Commentary

In 1949 Shannon and Weaver published a mathematical theory of communication showing that the information value of signals can be computed as the amount by which they reduce uncertainty as to which of several possible messages has been sent. Applied human experimental psychologists, who had worked with communications engineers on defence research projects during the Second World War, realized that this metric allowed them to quantify the effects of increasing items held in short-term memory (Miller, 1956) and the difficulty of decisions as the complexity of choices increased. Hick (1952) showed that Choice Reaction Times (CRTs) to signals increase with their information value expressed by the information transmission formula CRT = K(log₂ N + 1), where N is the number of signals and associated responses to them and K is an empirically derived constant.

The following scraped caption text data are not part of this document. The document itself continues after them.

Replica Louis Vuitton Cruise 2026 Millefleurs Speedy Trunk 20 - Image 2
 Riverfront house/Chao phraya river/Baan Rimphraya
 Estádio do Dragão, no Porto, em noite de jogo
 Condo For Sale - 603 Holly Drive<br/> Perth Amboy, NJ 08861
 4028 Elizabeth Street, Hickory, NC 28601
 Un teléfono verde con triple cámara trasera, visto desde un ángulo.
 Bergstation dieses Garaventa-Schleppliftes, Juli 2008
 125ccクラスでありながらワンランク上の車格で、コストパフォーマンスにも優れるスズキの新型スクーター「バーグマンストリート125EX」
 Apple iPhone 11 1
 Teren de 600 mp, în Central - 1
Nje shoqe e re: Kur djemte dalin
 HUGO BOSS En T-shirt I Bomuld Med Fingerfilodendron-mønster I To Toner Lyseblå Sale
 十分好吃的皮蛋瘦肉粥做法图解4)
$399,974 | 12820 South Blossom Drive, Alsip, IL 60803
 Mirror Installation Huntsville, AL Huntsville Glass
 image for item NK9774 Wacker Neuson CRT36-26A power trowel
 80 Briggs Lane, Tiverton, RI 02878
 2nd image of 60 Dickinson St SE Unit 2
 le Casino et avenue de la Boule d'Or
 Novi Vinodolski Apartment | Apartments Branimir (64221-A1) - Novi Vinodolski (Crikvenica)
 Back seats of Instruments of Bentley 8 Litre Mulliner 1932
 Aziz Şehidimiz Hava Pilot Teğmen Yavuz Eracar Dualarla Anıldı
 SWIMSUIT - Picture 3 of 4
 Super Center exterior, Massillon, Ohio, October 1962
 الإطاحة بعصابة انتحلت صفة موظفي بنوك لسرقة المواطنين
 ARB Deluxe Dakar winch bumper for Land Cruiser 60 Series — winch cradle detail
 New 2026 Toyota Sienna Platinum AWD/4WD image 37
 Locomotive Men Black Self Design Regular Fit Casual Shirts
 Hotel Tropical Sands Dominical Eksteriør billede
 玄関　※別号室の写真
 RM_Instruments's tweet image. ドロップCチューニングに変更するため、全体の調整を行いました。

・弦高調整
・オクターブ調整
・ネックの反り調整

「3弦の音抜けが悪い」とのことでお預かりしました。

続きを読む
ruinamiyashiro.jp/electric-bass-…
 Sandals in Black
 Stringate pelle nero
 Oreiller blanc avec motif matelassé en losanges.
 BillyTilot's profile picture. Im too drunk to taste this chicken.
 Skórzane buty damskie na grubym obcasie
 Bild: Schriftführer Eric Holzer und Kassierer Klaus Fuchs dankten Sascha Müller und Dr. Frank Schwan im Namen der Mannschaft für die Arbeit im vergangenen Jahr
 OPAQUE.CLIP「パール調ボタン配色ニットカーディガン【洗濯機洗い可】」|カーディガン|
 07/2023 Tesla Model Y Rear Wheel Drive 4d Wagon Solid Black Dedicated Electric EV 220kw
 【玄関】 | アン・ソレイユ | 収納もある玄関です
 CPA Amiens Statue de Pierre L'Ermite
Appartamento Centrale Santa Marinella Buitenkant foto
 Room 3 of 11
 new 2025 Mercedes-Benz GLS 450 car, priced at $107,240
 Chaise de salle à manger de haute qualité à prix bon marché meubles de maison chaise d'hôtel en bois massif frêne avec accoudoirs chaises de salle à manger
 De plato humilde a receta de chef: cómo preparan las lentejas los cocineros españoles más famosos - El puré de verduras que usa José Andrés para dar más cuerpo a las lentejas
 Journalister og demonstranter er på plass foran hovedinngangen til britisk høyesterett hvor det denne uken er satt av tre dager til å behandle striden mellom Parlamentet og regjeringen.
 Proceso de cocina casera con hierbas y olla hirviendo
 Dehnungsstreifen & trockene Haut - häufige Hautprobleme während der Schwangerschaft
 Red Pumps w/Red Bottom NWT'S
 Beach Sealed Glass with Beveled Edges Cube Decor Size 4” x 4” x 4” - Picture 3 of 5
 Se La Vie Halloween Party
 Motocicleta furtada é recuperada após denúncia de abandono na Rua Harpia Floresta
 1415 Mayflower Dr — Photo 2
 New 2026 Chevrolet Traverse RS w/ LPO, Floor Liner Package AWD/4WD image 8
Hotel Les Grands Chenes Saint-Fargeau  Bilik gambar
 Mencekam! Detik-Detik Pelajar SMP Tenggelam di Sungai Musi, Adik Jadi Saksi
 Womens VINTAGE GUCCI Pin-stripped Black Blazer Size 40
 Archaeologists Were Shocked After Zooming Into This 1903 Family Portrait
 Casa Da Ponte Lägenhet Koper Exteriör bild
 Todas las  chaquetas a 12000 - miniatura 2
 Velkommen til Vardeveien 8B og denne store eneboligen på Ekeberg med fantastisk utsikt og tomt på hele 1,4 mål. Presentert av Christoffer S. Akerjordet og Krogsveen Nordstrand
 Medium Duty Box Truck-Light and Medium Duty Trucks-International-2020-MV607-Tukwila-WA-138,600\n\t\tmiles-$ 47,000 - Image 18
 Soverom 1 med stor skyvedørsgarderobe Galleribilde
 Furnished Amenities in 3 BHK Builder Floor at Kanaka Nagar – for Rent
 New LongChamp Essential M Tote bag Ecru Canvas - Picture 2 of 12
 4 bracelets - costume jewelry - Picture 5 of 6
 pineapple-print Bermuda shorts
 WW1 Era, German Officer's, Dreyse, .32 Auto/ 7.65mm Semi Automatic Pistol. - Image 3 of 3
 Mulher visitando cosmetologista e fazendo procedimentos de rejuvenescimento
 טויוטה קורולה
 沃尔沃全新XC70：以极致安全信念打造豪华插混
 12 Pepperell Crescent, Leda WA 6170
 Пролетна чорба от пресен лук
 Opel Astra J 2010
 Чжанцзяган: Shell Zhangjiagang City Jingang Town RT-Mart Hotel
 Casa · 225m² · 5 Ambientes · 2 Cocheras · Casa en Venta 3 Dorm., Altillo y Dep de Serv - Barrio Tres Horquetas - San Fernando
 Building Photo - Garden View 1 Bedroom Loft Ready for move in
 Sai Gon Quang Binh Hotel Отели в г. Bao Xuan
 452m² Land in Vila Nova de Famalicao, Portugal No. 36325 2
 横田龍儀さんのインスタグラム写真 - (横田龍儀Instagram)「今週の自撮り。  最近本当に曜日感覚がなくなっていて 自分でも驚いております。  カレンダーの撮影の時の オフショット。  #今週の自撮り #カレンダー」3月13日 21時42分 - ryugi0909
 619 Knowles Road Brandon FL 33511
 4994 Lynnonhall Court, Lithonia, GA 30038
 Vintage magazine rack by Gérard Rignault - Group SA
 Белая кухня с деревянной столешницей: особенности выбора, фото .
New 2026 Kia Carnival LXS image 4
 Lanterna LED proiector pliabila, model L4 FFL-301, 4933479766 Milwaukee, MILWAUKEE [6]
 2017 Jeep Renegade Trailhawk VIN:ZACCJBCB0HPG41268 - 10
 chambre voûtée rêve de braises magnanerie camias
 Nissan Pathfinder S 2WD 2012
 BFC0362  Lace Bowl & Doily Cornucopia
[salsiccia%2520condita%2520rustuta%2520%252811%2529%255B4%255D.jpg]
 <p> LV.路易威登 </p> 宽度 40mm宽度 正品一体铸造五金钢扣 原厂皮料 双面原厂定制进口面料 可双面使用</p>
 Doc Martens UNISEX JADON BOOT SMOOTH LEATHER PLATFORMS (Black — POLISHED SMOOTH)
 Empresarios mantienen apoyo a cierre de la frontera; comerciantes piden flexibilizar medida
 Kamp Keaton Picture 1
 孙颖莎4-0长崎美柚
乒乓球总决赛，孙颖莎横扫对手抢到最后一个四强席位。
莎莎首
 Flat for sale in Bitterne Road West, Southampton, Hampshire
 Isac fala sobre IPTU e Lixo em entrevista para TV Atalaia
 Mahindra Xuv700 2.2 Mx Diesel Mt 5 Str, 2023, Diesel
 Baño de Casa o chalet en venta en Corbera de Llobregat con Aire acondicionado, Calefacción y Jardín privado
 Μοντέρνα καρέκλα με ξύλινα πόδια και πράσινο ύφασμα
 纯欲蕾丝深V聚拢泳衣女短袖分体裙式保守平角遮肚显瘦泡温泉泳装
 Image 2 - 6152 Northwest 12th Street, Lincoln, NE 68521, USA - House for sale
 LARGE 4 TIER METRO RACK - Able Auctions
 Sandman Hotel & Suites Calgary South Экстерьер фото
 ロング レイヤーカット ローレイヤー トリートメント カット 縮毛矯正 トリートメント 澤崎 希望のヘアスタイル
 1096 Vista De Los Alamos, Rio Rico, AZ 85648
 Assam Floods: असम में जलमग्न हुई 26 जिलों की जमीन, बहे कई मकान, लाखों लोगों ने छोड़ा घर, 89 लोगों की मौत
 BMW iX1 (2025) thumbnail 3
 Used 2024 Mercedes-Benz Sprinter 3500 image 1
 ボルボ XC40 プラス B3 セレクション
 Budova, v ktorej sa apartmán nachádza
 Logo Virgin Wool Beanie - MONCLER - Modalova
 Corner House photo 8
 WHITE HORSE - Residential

Hyman (1953) also showed that CRTs to individual signals vary with their different, independent probabilities and Pierce and Karlin (1957) found a similar relationship between reading speed and the number of different random words to be read. In all these cases participants made a different response to each signal they were given so that the information value of signals and of responses was the same. This questioned whether variations in signal and response information load have equal or different effects on decision times. Perhaps this seemed too dull and formal a project for most investigators to pursue but, in 1958, Donald Broadbent realized that it was a key to resolve current debates as to whether we can obtain some information from words that we see so briefly that we cannot completely identify them.